После битвы при Мидуэе в июне 1942 года чрезмерно разросшаяся Империя Солнца, со всех сторон пронзаемая атаками союзников, проявила первые признаки сдувания. Первые американские бомбардировщики появились в небе над Гонконгом в июле 1943 года. Микки узнала, что благодаря энергичному преследованию чиновников Госдепартамента ее сестрой Хелен, она будет отправлена домой на репатриационном корабле.

— План, который Чарльз, озабоченный здоровьем дочери, горячо одобрил.

За несколько дней до запланированного отъезда Микки взял Каролу с собой в лагерь на Аргайл-стрит, где каждый понедельник родственникам разрешалось устраивать парад перед интернированными. Общение между заключенными и членами их семей ограничивалось одной открыткой из пятидесяти слов в месяц.
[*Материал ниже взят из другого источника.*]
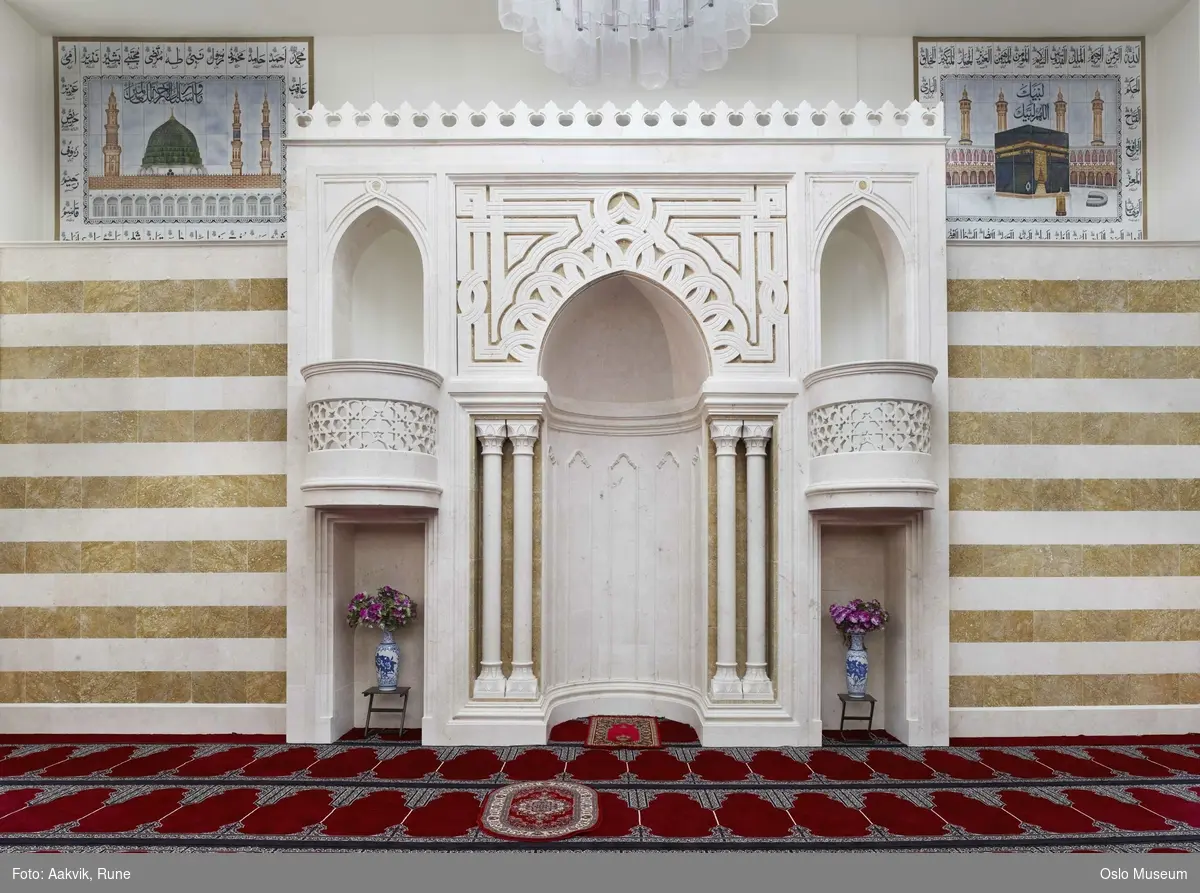 Islam, interiør og symboler fra moskeen Central Jamaat-e Ahl-e Sunnat Norway, Medina, Mekka, koranen, bønn, klokke, lysekrone, qibla, søyler, veggdekorasjon, buer.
Женам не разрешалось смотреть в глаза своим мужьям; бывало, что охранники расстреливали посетителей, осмелившихся заговорить.
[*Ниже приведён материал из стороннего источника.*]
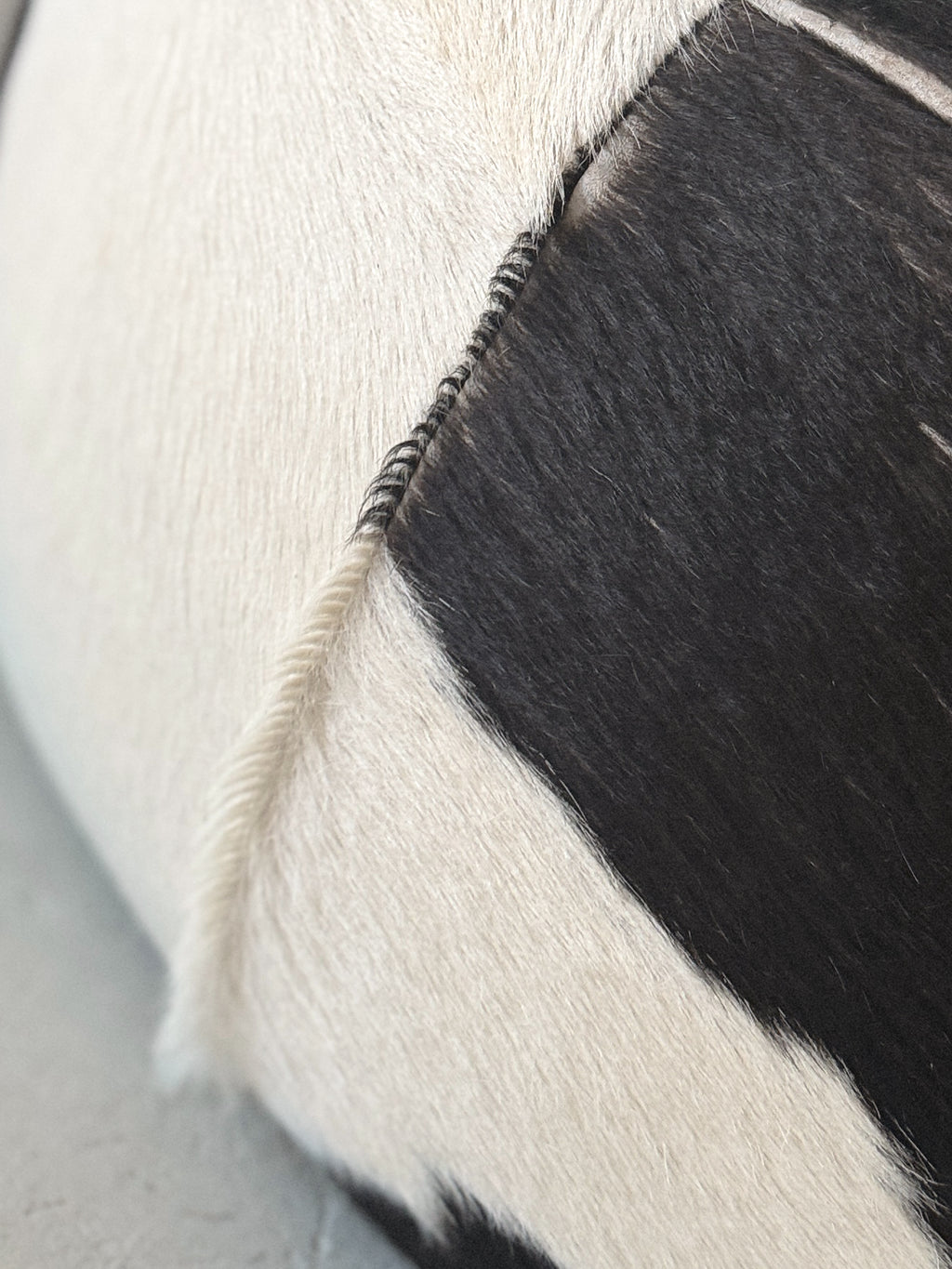 Round Cowhide Ottoman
К удивлению Микки, когда водитель рикши провез их по обочине недалеко от колючей проволоки, ее двадцатимесячная дочь приподнялась на сиденье и закричала: «Папа, пока-пока! Папа, пока-пока!» Охранники нахмурились, но не открыли огонь. Как она узнала, ама ее дочери потратила неделю на то, чтобы научить Каролу произносить эти слова.

Микки и Карола отплыли из Гонконга 23 сентября 1943 года на борту судна Teia Maru. Это был один из двух рейсов по репатриации, разрешенных из оккупированного японцами Китая. Микки отвели трехъярусную каюту, которая оказалась кишащей рыжими муравьями. Корабль, захваченное французское судно с оригинальным погребом марочного вина, был рассчитан на 700 человек, но на борту оказалось вдвое больше. Половину списка пассажиров составляли миссионеры и их семьи, что вызвало культурный конфликт, когда на Филиппинах они подобрали дюжину американских бывших военных и пляжников. Эти бродяги, получившие быстрое прозвище «Дети тупика», посвятили свою энергию опустошению запасов спиртного на корабле.
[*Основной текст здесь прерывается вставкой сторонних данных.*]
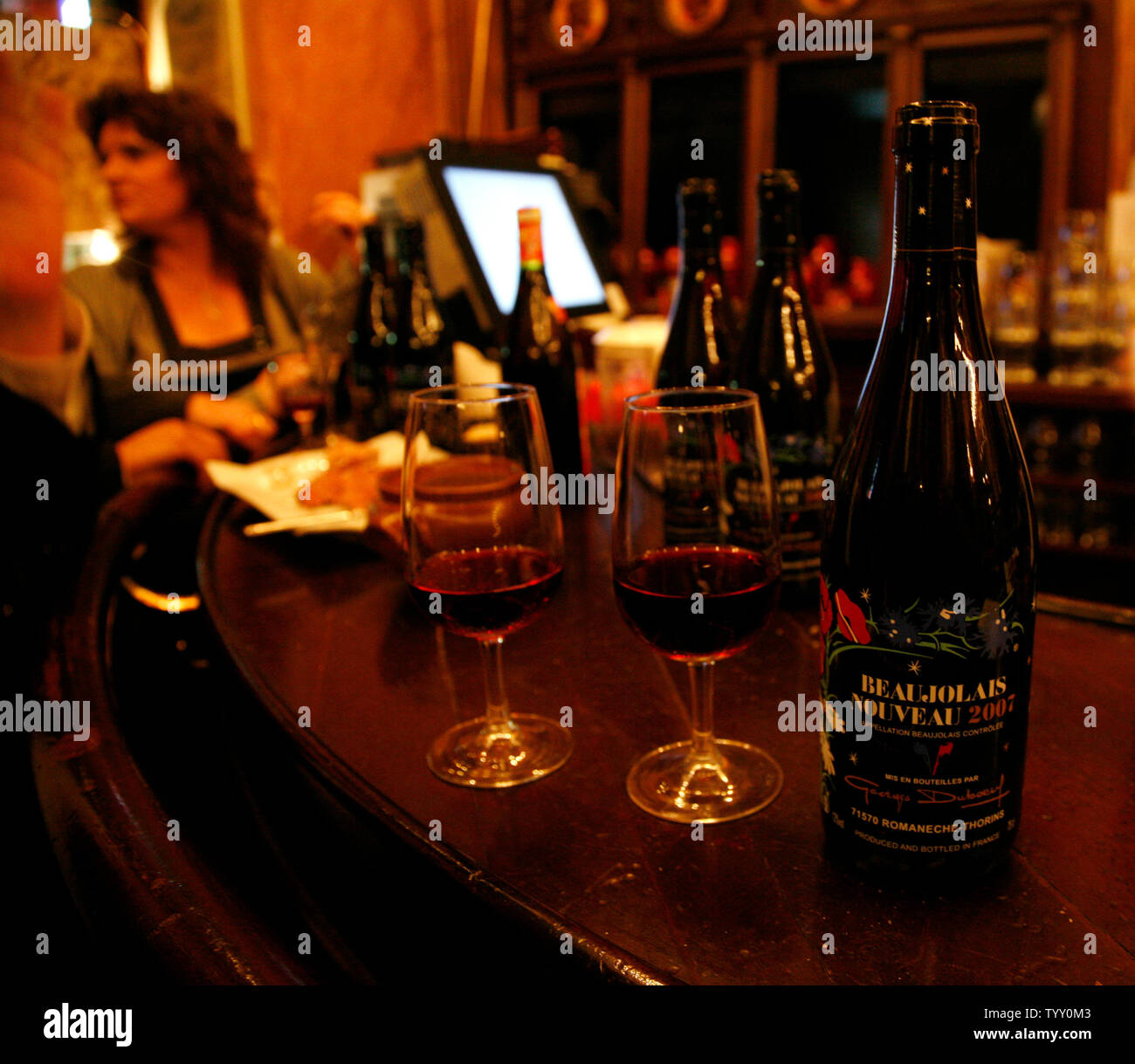 Bottles of justreleased Beaujolais Nouveau wine rest on the bar during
Среди репатриантов Микки узнал знакомое лицо. Моррис «Двустволка» Коэн, впервые приехавший в Китай в 1922 году, наконец-то возвращался домой. Микки был потрясен его жалким видом. Старый пиджак, теперь уже на три размера больший, свисал складками с его некогда громоздкой фигуры, а на нем были малиновые шорты, сделанные из оконных занавесок. После того как он стал питаться «пудингом Стэнли» — кашицей из арахисового масла, риса, воды и сахара, — он похудел на восемьдесят фунтов, и кожа складками свисала с его костей. За бокалами шампанского и поздними сэндвичами с луком у Коэна было достаточно времени, чтобы рассказать ей о своем последнем приключении в Китае.